A Jew, a Protestant, and a Catholic walk into a bar…
…to talk about reading the Bible in light of their scholarly commitment.
Marc Zvi Brettler is the Dora Golding Professor of Biblical Studies at Brandeis University. Peter Enns teaches Biblical Studies at Eastern University. Daniel J. Harrington, S.J. was a Professor of New Testament at Boston College until his recent passing. Together, these three scholars have written a kind of multiview book on reading Scripture in light of critical and religious commitments.
The book opens with a concise history of critical biblical scholarship. Because Brettler is Jewish and Enns is an Old Testament scholar, the specific focus is on the Old Testament in modern historical criticism. After this context is established, each contributor offers an extended essay on his perspective of reading the Bible both critically and religiously. Then, the author gives an example of his critical/religious reading in action. The other two contributors then offer their responses as additional headings within the same chapter. The end of each chapter offers suggestions for further reading more or less in line with the author’s perspective.
In a horrible turn of events, the book has endnotes instead of footnotes. However, the valuable takeaway from this is that the publisher (Oxford) seems to be hinting that this is a book for laypeople. The underlying message is that the critical reading scholars from all perspectives use (Jewish/Protestant/Catholic) is compatible with the religious way the average person in the pew/synagogue reads. The writing is conversational and accessible, but doesn’t shy away from critical discussion. Since the three essays and responses taken together are about 150 pages (which gives you an idea how long each chapter is), it seems reasonable that the average person could make their way through the book and learn how to read the Bible the way the scholars do.
This way of reading though is not without problems. Perhaps the key one has to do with inerrancy and the historical value of the Old Testament. In these three scholars’ perspectives, the history of the Old Testament is minimized to say the least. Brettler says in his essay that “Jewish tradition is much less concerned with the literal truth and the historical accuracy of the biblical text than is the Protestant tradition (52).” Coming to terms with this says Enns, was what “set the course for much of my academic and spiritual thinking about the nature of Scripture (72).” Likewise, Harrington says that “Catholicism is not a religion of ‘the book,'” and “is more a religion of a person (85).” When it comes to the book though, “while inerrant in what pertains to our salvation, [it] is not necessarily inerrant in its worldview or chronology or what we currently regard as the province of the physical sciences (87).” As you can see, from a true critical perspective, there is no such thing as full inerrancy.

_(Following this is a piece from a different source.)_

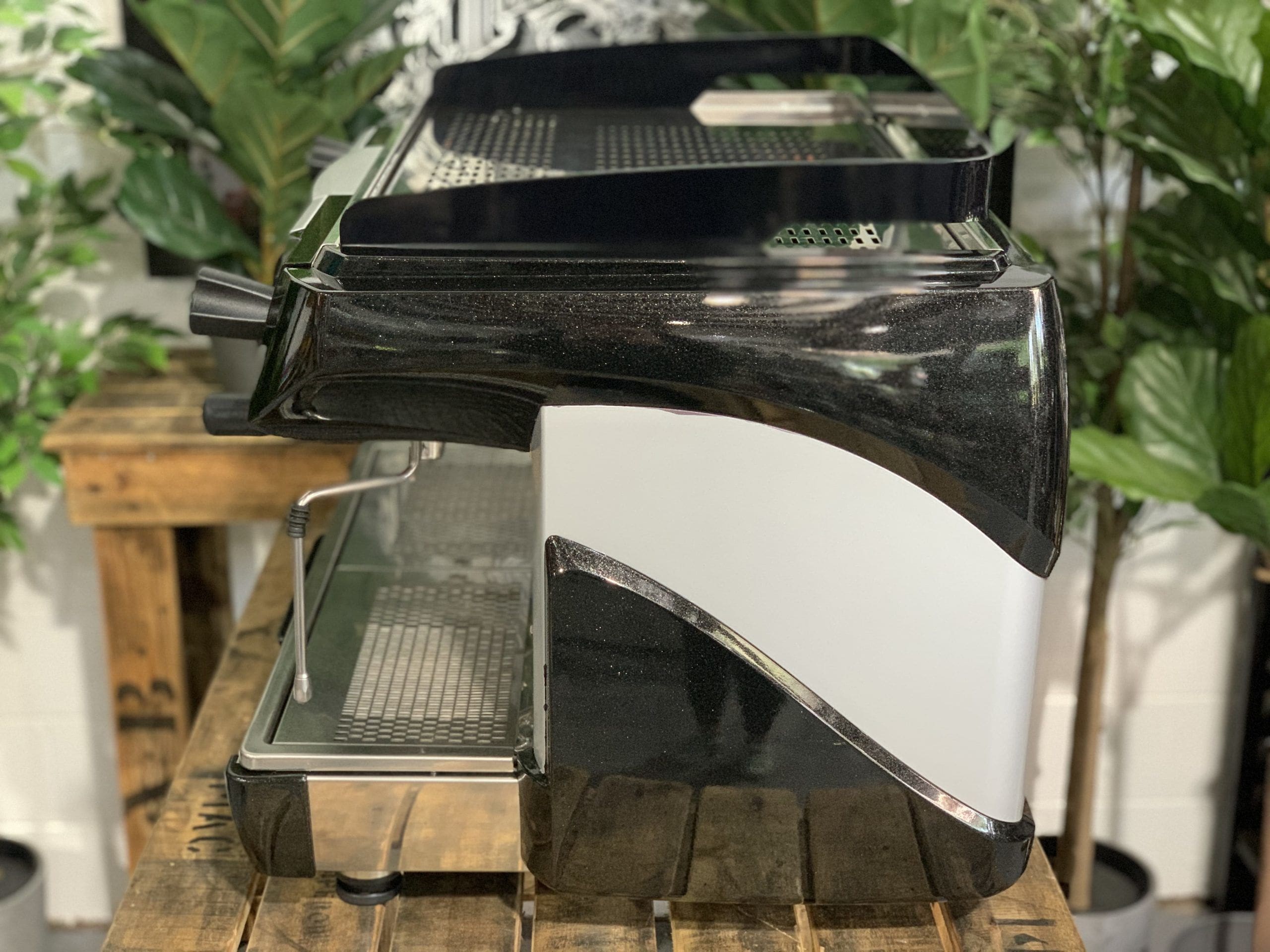 Astoria Plus 4 U TS 2 Group Black - Used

From my particular Protestant/Christian perspective, I think this book is a valuable read. I say this not because it provides actual insights I will use, but because it shows how what a critical reading of Scripture actually looks like from a religious perspective. I requested a review copy of this book mainly because Peter Enns was the Protestant voice and I wanted to see what he was up to. Also, I was intrigued by the format and thought it might be interesting to be a fly on the wall for a three-way discussion about Bible reading from three perspectives I don’t share. Enns does represent the Protestant perspective, but though I wouldn’t say he is a liberal Protestant (others might), he is definitely no conservative trying to maintain historical traditional orthodoxy when it comes to the Bible. More than originally anticipated, Enns seems right at home talk about reading Scripture with both a Catholic and Jewish scholar.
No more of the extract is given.